One thing this entry in the backwoods family horror canon gets exactly right is the genre’s inherent Southerness.  The Head is a bitchy Southern dandy, constantly rolling his eyes at the comparative unintelligence of his fellow conversationalists as if he’s constantly four martinis deep.  To be fair, the dialogue offered by his intellectually inferior foes is remarkably vapid, including such astute observations as “This is some kind of weird bullshit” and “Sometimes I feel like a big ol’ turd in a small toilet”.  The audience is forced to spend a half-hour with these low-life dolts before we’re graced with the refined Southern gent presence of The Head, patience that it is only somewhat helped along by most of their lines being delivered mid-coitus.   Once The Head arrives, though, the Full Moon dream factory makes the most of his hideous visage, dwelling on the horror of watching him accomplish simple tasks in confrontationally tight close-ups: slurping soups, wetting lips, licking nips, etc.  When the novelty of that image wears off, the movie mostly just kills time in order to achieve feature length.  At one point, The Head forces his dungeon captives to put on little stage plays for his amusement, as if to make fun of how bad of an actor everyone else is except him.
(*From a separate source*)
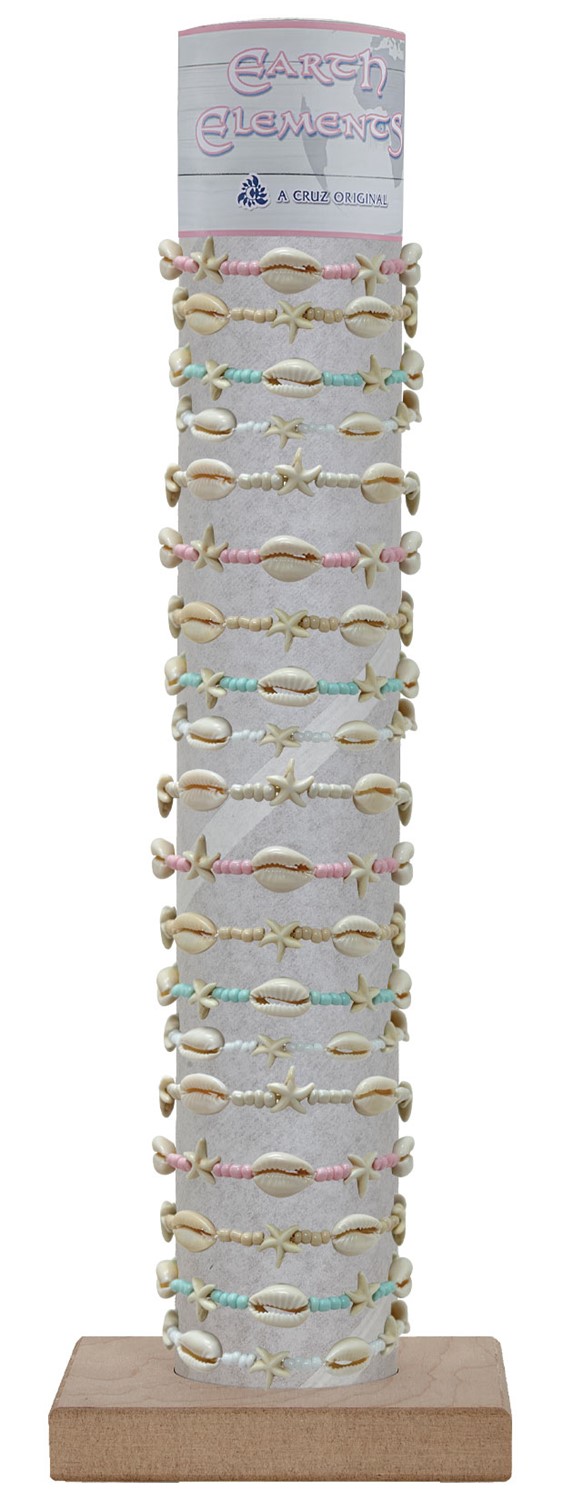 Adjustable Cowrie - Starfish Bead Bracelet with Tube and Base BR1850-TUBE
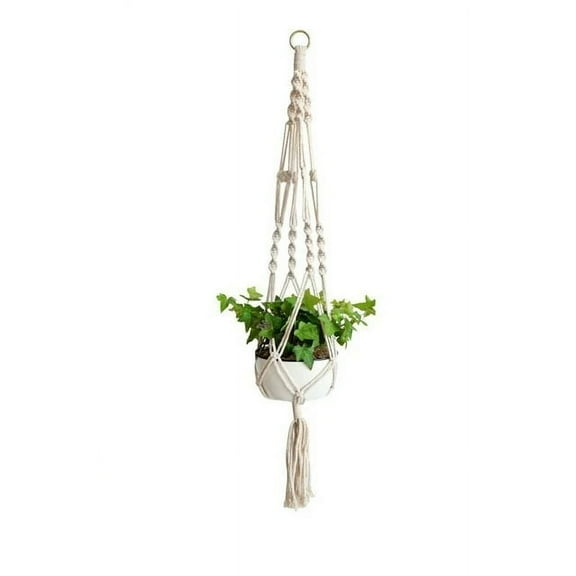 ZOUYUE Macrame Plant Hanger, Cotton Rope Plant Hangers for Inside Outdoor, 4 Legs Plant Hanger Brackets, Flower Pot Hanging Plant Holder for Home Decorations (White) (41 Inch)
In case you were unaware you had stumbled into a Full Moon Feature, the label’s house composer Richard Band opens the production with the most acrobatically goofy score of his career – employing violins, harps, glockenspiels, vibraslaps and percussive cheek pops to achieve the Fullest Moon sound ever recorded on VHS.  Head of the Family also promises to deliver on another definitive Full Moon Features trope: the sequel no one asked for.  Just a couple years ago, Full Moon teased promotional art for a decades late follow-up titled Bride of the Head of the Family, coming soon to a Tubi app near you.  It makes sense that a sequel to this picture would have to expand the size of the Family with new, hideous members, since there isn’t much to this genre beyond getting to know the insular, often incestuous little freaks who populate it.